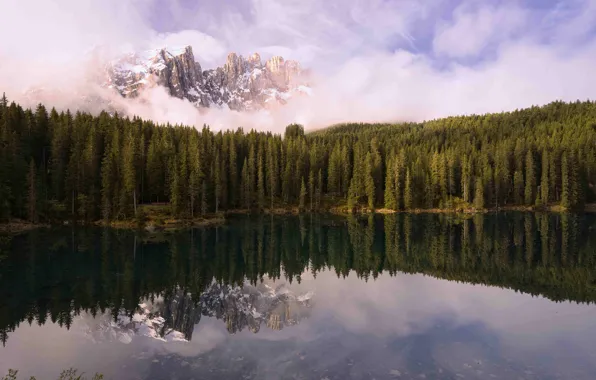 Forest, mountains, lake, reflection
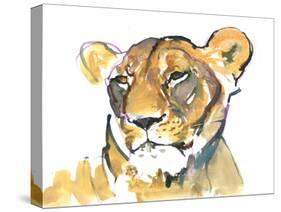 The Lioness-Mark Adlington-Stretched Canvas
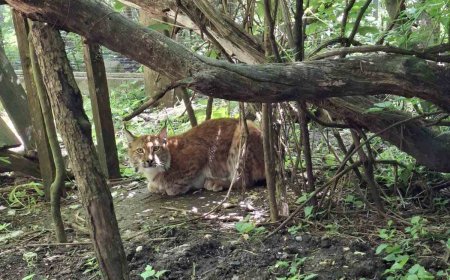 Младият рис Джаро е новият обитател на Зооцентър – Добрич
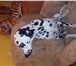 Изображение в Домашние животные Вязка собак возраст год и три месяца (не развязан) в Новокузнецке 10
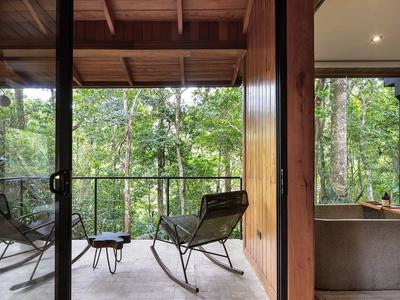Cloud Forest Studio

-*-

* Required work: Return the material verbatim; the images are not to appear in the copy.

* Response below:
 Forest, mountains, lake, reflection
 The Lioness-Mark Adlington-Stretched Canvas
 Младият рис Джаро е новият обитател на Зооцентър – Добрич
 Изображение в Домашние животные Вязка собак возраст год и три месяца (не развязан) в Новокузнецке 10
Cloud Forest Studio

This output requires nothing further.